ENTHUSIASM AND OPTIMISM among Nigerians welcomed government’s unveiling to investors a new national carrier – “Nigeria Air”, at Farnborough International Air Show in UK, by Senator Hadi Sirika, Minister of State for Aviation, Wednesday, July 18. It has green and white colours and strips. Sirika said Nigeria Air will fly 81 routes, local and international. Ethiopia Airlines seems to be in talks with Nigerian government on possible investment in the new national carrier.
It is about the fourth time Nigeria is naming and unveiling a national carrier to replace, the death of Nigeria’s once flying elephant, later an eagle – Nigeria Airways – Nigeria and Africa’s pride. Former president Olusegun Obasanjo liquidated Nigeria Airways in 2003. Nigeria Airways came into existence in 1958, two years before Nigeria became an independent nation. Obasanjo said it liquidated the national and Africa’s pride and heritage on alleged ground of corruption and mismanagement by the board of directors and management.

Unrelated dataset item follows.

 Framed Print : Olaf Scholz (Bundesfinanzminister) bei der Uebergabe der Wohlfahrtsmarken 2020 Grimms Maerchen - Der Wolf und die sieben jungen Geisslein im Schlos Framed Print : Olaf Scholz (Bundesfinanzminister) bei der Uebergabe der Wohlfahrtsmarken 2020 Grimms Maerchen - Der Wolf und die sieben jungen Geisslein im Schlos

News about Nigeria bringing back its national carrier broke, first, with the name Virgin Nigeria Airways, then Nigeria Eagle Airlines, later Air Nigeria, to replace Nigeria Airways, on a joint venture business between Nigerian investors and the Virgin Group. Virgin pulled out from the business after set backs in ceiling the deal, between 2008—2010. September 2012, Air Nigeria announced that it has ceased operations as a result of two name changes and deadlock in negotiating investors’ terms, and disengaged its staff.
No indigenous Nigerian airline acquired traffic rights to serve the growing number of international routes as Nigeria Airways since the liquidation. Nigeria, at some point in the past, had about 150, mostly large cabin types, private aircrafts in the country. Most of the aircrafts are on foreign tickets. Only about 20 are on the local list, and their owners were clergymen, governments’ agencies and charter operators.
Nigeria continues to struggles to bring back its once enviable national carrier, while other countries in Africa, top the chart in the aviation industry as a major economic mechanism engineering growth in their respective countries. Ethiopian Airlines leads the table, followed by South African Airways, Air Mauritius, Air Seychelles, Kenya Airways, Royal Air Maroc, TAAG Angola Airlines, Fastjet [Tanzania, Zimbabwe and Zambia], Kalula [South Africa Domestic] and Mango [South Africa Domestic] airlines.
Unveiling Nigeria’s national carrier –- “Nigeria Air”, seems impressive, but not enough to see the project to grand success. Senator Hadi Sirika, Nigeria’s Minister of State for Aviation, did not give business details about the new national carrier. Crucially important and awaited are investment details for “Nigeria Air”.